Since the crisis, there have been some efforts at reform, including voluntary changes by the agencies themselves, like the addition of corporate ombudsmen. More significantly, the SEC bolstered several rules in September 2009, which now require disclosures of exactly what ratings cover, who paid for the credit rating and history of ratings actions like upgrades and downgrades. In July 2009, the Obama administration released draft legislation to strengthen disclosure and management of conflicts of interest and rules to bar firms from consulting with companies they rate.
Of the many problems with the credit rating agencies identified by regulators and commentators, few are considered as glaring as the conflict of interest presented in the model of having issuers pay for ratings.
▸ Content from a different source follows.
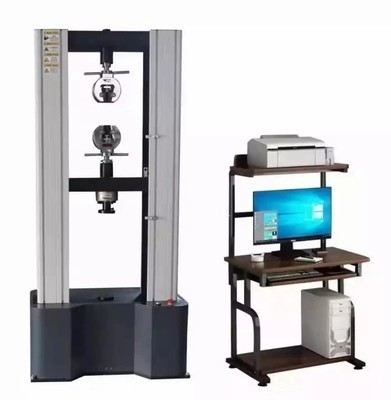 समग्र सामग्री कम्प्यूटरीकृत यूनिवर्सल परीक्षण मशीन AC220V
From the Senate’s investigation committee memo (pdf):
The fact that CRAs receive revenues from the issuers who pay for rating the products they sell creates an inherent conflict of interest. Not only are CRA personnel encouraged by clients to provide them with favorable ratings, but the situation encourages ratings shopping, in which an issuer can choose the CRA offering the highest rating.
But despite all this momentum on rating agencies and the push toward financial reform more broadly, the ratings agencies have not been a key focus of reform. In Sen. Chris Dodd’s (D-Conn.) version of the bill there is a section on rating agency reform, but the structure of the industry would remain largely unchanged, including the way rating agencies are paid by issuers.
However, on May 4, Sen. Al Franken (D-Minn.) proposed an amendment specifically aimed at rating agency reform.
The amendment creates a Credit Rating Agency Board, “which would assign credit rating agencies to provide initial ratings in order to eliminate inherent conflicts of interest” according to a Franken press release. “The board would be made up of a majority of investors, a representative from the investment banking industry and credit rating agency industry, and an independent member”
By assigning the agency to do the work, the newly created board would ensure that financial institutions could not comparison shop for the best initial rating and rating agencies would have an incentive to provide accurate ratings, not just high ratings to appease issuers. The amendment would also have the effect of increasing competition by ensuring that all ratings agencies, including smaller firms, have the opportunity to compete based on the quality of their ratings, not their connections to financial services companies. Of course, a financial services firm would always be welcome to get a second rating from whichever firm they wanted.
Franken’s amendment has gained bipartisan support, but whether his reform actually makes the final cut could be determined in the next several weeks as Democrats push to complete financial reform.